FOR A COUNTRY that is regularly accused of manipulating its statistics, China is remarkably diligent about collecting them. The government has dispatched two million boffins to visit companies, stores and even street stalls in the first few months of this year, as part of a new national economic census. Ads plastered on billboards implore people to co-operate. In a flashy promotional video on its website, the national statistics bureau warns that any fabrication of data is against the law.

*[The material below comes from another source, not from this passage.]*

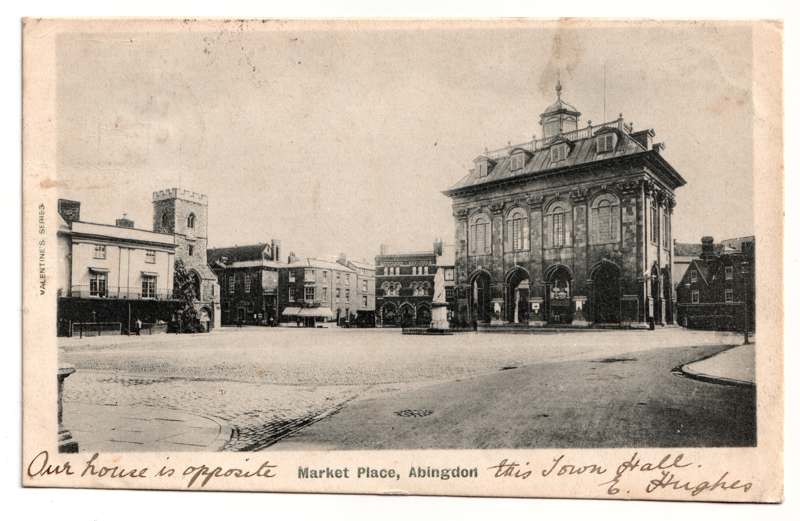 The front of an old postcard. The postcard is of Abingdon: Marketplace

But these laudable efforts do not appear to be solving the basic problems with Chinese statistics. A new paper, by Chang-Tai Hsieh of the University of Chicago and three co-authors from the Chinese University of Hong Kong, finds that industrial output and investment have been consistently embellished. As a result, they argue that China overstated real GDP growth by two percentage points on average every year from 2008 to 2016 (see chart). Over time that adds up: official figures for 2016 would have exaggerated the size of the economy by 16%, or more than $1.5trn.
These economists are certainly not the first to question Chinese numbers. But their paper, published by the Brookings Institution in Washington on March 7th, deserves attention because they had better access to the statistics bureau than most. Though they worked only with public data, they knew where to shine a light. They looked at how revenues from value-added tax on industrial firms compared with reported growth of industrial output. Until 2007 the two lined up well. But after 2008 gaps opened up, although they have narrowed a bit in recent years. The authors also built an alternative model for measuring growth using indicators that cannot be easily manipulated, including satellite imagery of night lights, railway cargo and imports, and came to the same conclusion.

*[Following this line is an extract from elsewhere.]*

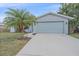 Traditional home featuring an attached garage, mature landscaping, and a well-maintained driveway at 2551 W Burr Oak Ct, Sarasota, FL 34232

Those sceptical of China’s data sometimes assert that its statisticians have the power to fiddle with numbers to present their desired outcome. The authors argue that the problem is the opposite: that at the central level they lack the power to correct for the misdeeds of other officials. It has long been noted that provincial GDP totals, when added up, exceed national GDP. The national bureau is alert to this and so adjusts provincial figures by, for example, collecting data through separate channels.
Yet from 2008, when the global financial crisis struck, the adjustments failed to keep up with the distortions, the paper says. For provincial leaders the incentives are clear: their chances of promotion depend on reported economic performance, which they can embellish. Since they rank above the statistics bureau politically, only the bravest beancounter would dare stand in their way. Tellingly, only after crackdowns on corruption in provinces such as Liaoning and Inner Mongolia did authorities admit that their data had been inflated. If the authors are right, these cases are a small sample of a wider epidemic.
There is, however, a silver lining. Local and national figures for consumption are closely aligned. It is mainly industrial output and investment that are exaggerated. The downward revisions therefore result in a substantially different picture of the shape of China’s economy. The authors find that investment, properly measured, was 36% of GDP in 2016, not 43%, as the government says. Debt as a share of GDP is higher than officially reported, but the return to capital is not as low as feared and consumption is more prominent as an engine of growth. Looked at this way, the Chinese economy is smaller but better balanced and thus, perhaps, more resilient.